Additionally, Finley said some US refineries are not equipped to deal with certain grades of crude oil.

"The refineries in much of the country were built to process low-quality imported crude oil, and the quality of the oil in the shale revolution isn't a good match for them," he said.

The shale revolution refers to the growth in production from new techniques including hydraulic fracturing -- also known as fracking -- to extract oil from tight underground formations.

Antoine Halff, a researcher at Columbia University's  Center on Global Energy Policy and chief analyst at Kayrros, a climate and energy data analytics company, said the notion of "energy independence" has little meaning in a globally interconnected world.

"I can't think of any country that’s energy independent," Halff said.  "You can be net positive or net neutral in terms of exports of energy but that doesn’t mean being able to function efficiently in isolation."

Halff pointed to the "mismatch" of production in some parts of the US, which are far from urban consumption centers on the country's coasts.

He noted that shipping oil products from the Gulf of Mexico to other US ports is often more costly than imports because of the so-called Jones Act, which requires that vessels be US-owned and operated.

"That makes it more expensive to ship oil from the Gulf of Mexico" to the East and West Coast, Halff said. "As a result, excess production from the Gulf goes to Latin America."

Keystone XL pipeline

The Keystone XL pipeline project, which Biden canceled on his first day in office, would have delivered more Canadian oil to US refineries, with much of  the refined products likely to be exported. By adding to both imports and exports, this project "would be a wash for the trade deficit," Finley said.
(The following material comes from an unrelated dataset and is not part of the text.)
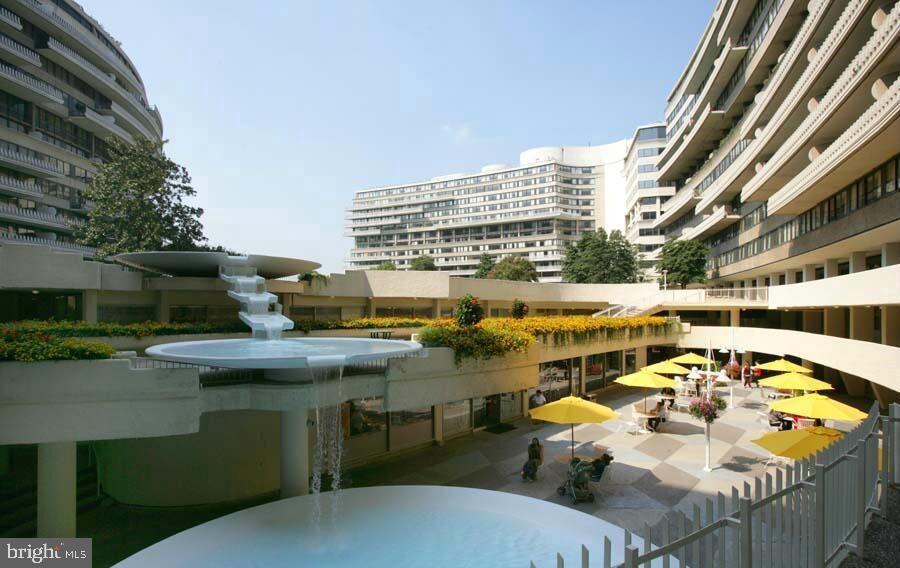 955 26th Street Northwest, Unit 707 Washington, DC 20037 - Photo 24 of 26 a view of a swimming pool with outdoor seating and plants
The proposed pipeline completion would have swapped some crude oil imports with Canadian imports without impacting the overall trade picture, according to Finley: "It would displace other forms of crude oil from Mexico or possibly Venezuela and wouldn't change the domestic balance."

Halff said the pipeline project  -- which was planned to enter into service in 2023 -- could have been used to boost supplies of Canadian crude to refineries in the central US, and thus increase availability of some refined products.

But he said this still might have little impact on the supply situation for the East and West Coasts because of logistical constraints, and would be unlikely to impact overall energy prices which are based on a global marketplace.

"One point people don’t get is that even if you increase domestic supply you're exposed to the global market," Halff said, adding: "It's one big market; your prices are not set domestically, they're set internationally."